"""
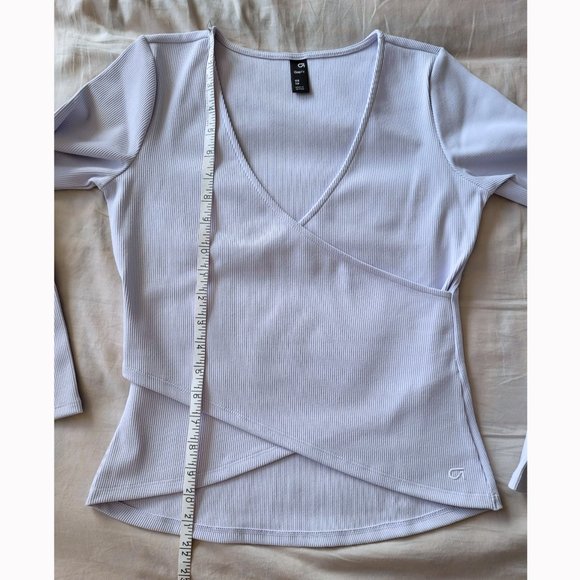 GapFit Breathe Faux Wrap Top (Pastel purple, XS) - Picture 8 of 9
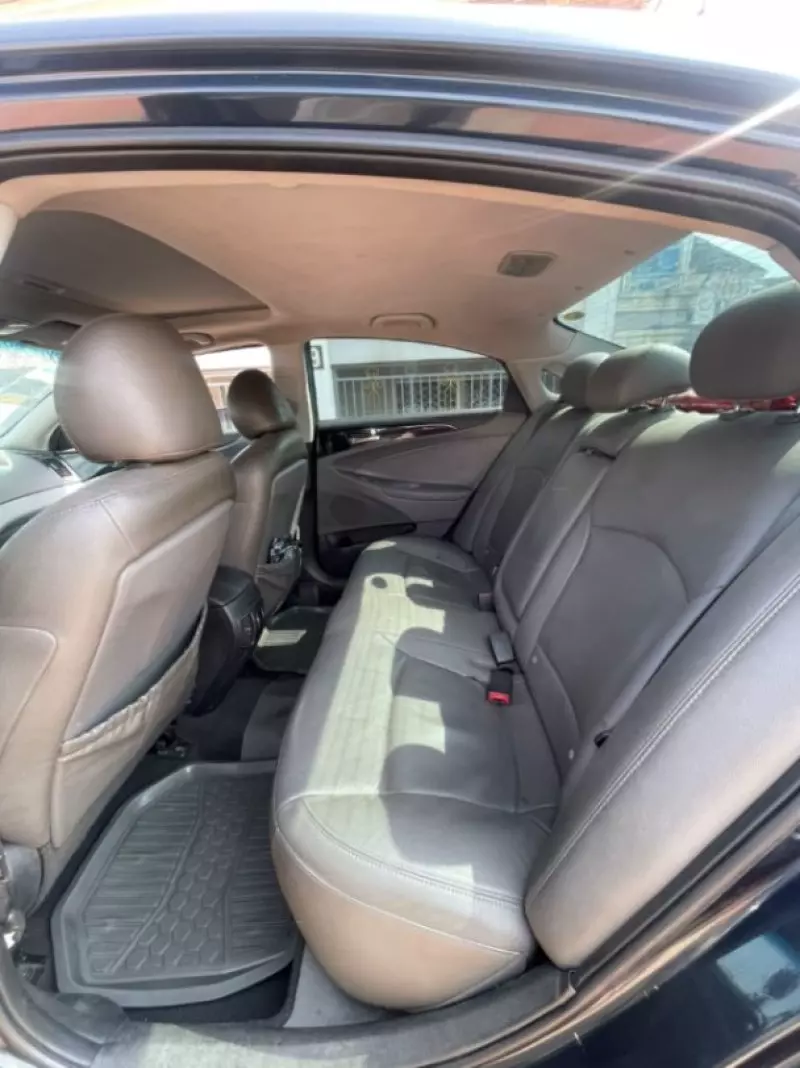 Hyundai Sonata   - 2011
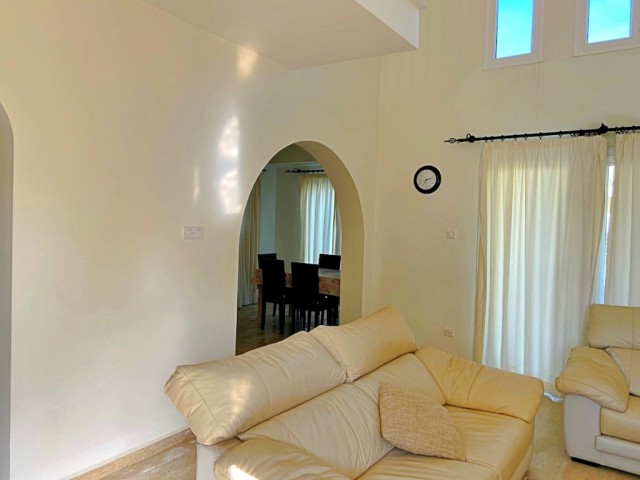 GIRNE KARSIYAKA , BEAUTIFUL DETACHED VILLA WITH POOL , CLOSE TO SEA , GARDEN , PARKING , FURNISHED , GREAT VALUE FOR MONEY 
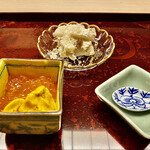 道人 - 雲丹とイクラご飯、蟹身と梨の白和え～新筋子に名残りの由良の赤雲丹、大好きな嬉しい赤雲丹の下には酢飯。蟹の身と梨に胡桃を削った白和えとは何とも想像し得ない初めての料理。これには驚いた。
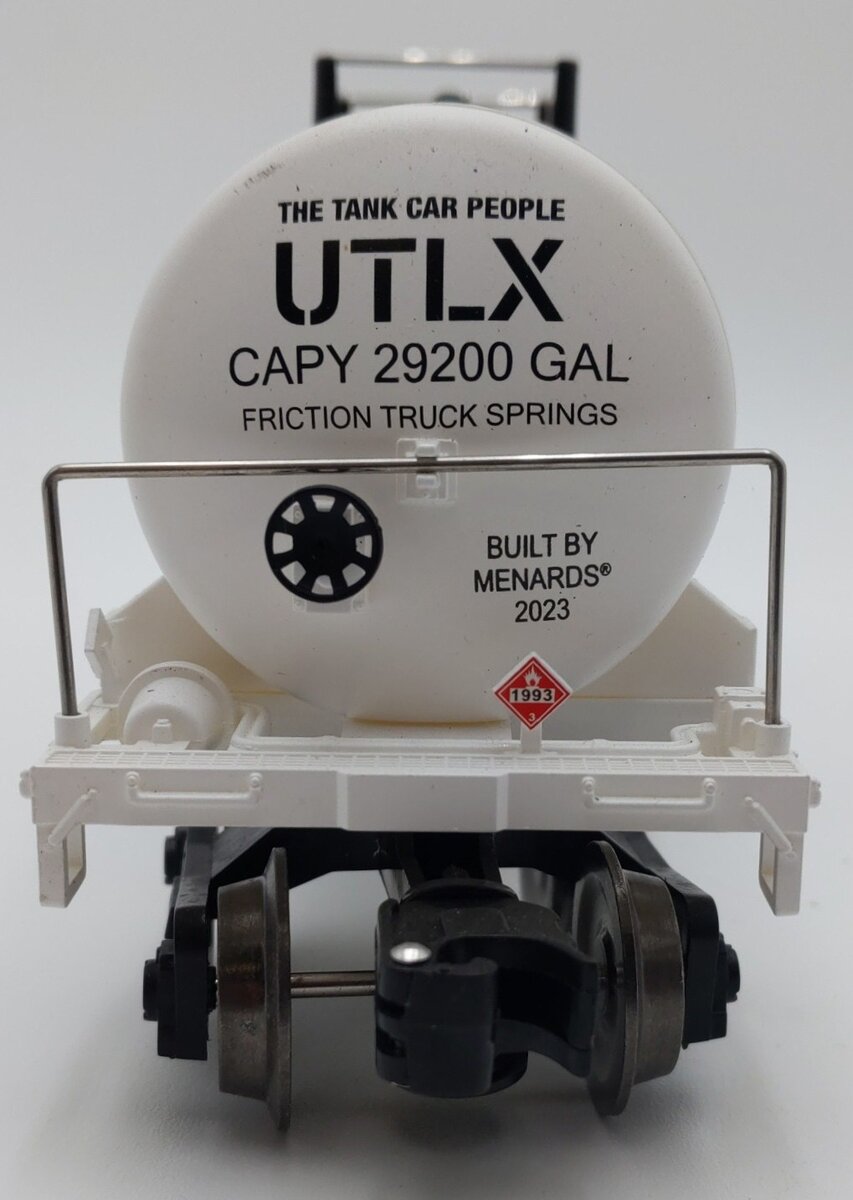 Menards 275-9218 O Gauge UTLX (White) Modern Tank Car #3929 EX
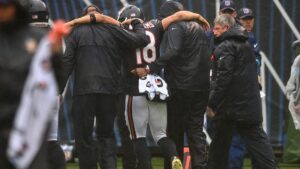 Críticas a Caleb Williams por su reacción ante lesión en el isquiotibial durante juego con Chicago Bears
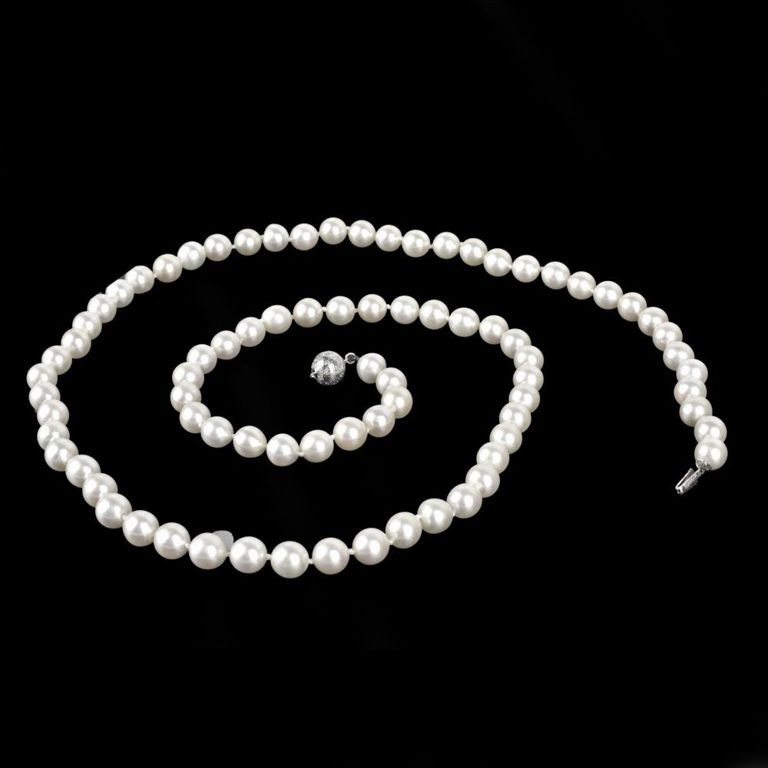 Pearl Necklace With 14k White Gold Diamond Clasp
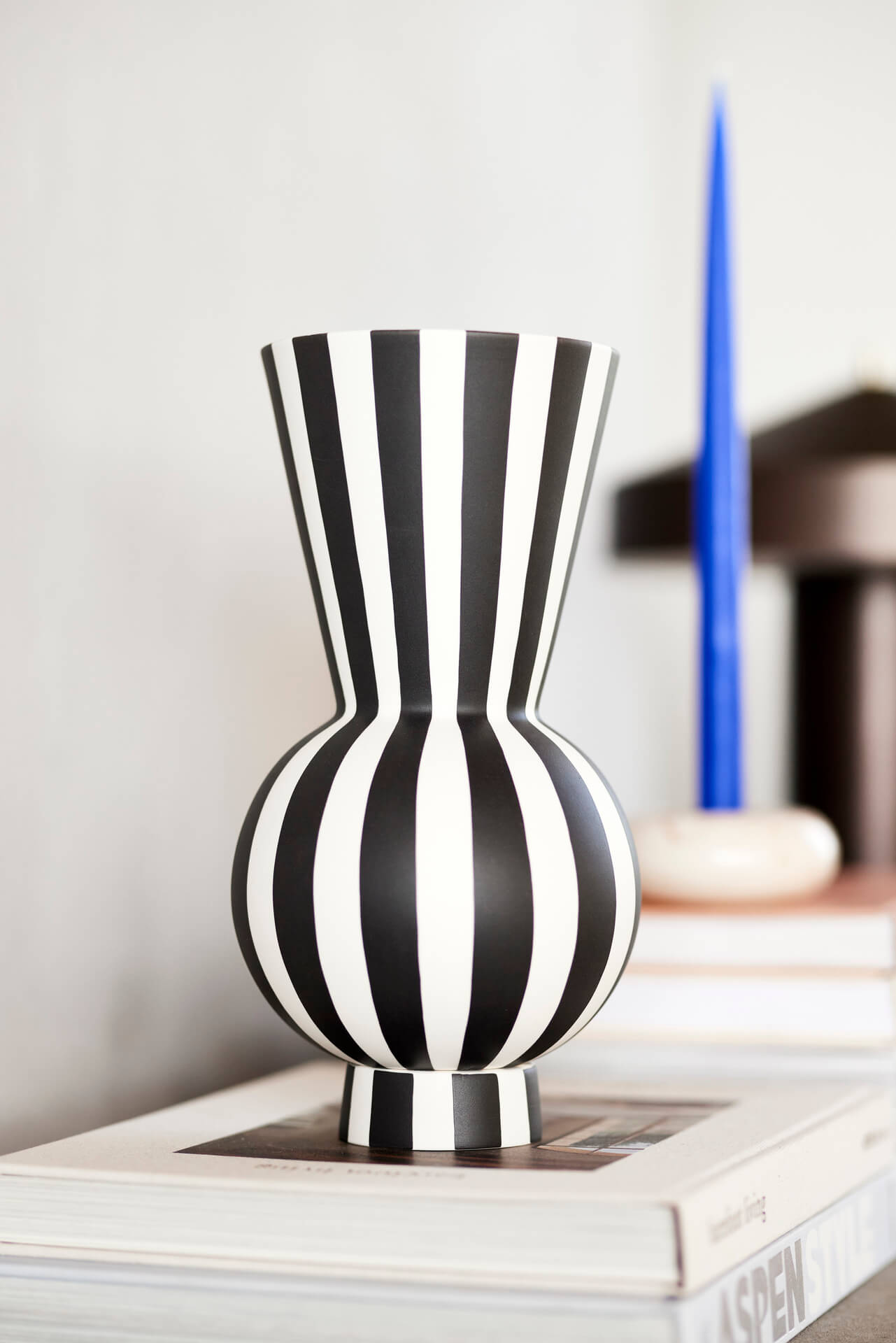Stoneware vase OYOY LIVING DESIGN Black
"""
### Work to be completed
Could you repeat word for word only the lines from the one that contains "Menards 275-9218 O" through the end of the listing, leaving out the pictures?

### Written response
 Menards 275-9218 O Gauge UTLX (White) Modern Tank Car #3929 EX
 Críticas a Caleb Williams por su reacción ante lesión en el isquiotibial durante juego con Chicago Bears
 Pearl Necklace With 14k White Gold Diamond Clasp
Stoneware vase OYOY LIVING DESIGN Black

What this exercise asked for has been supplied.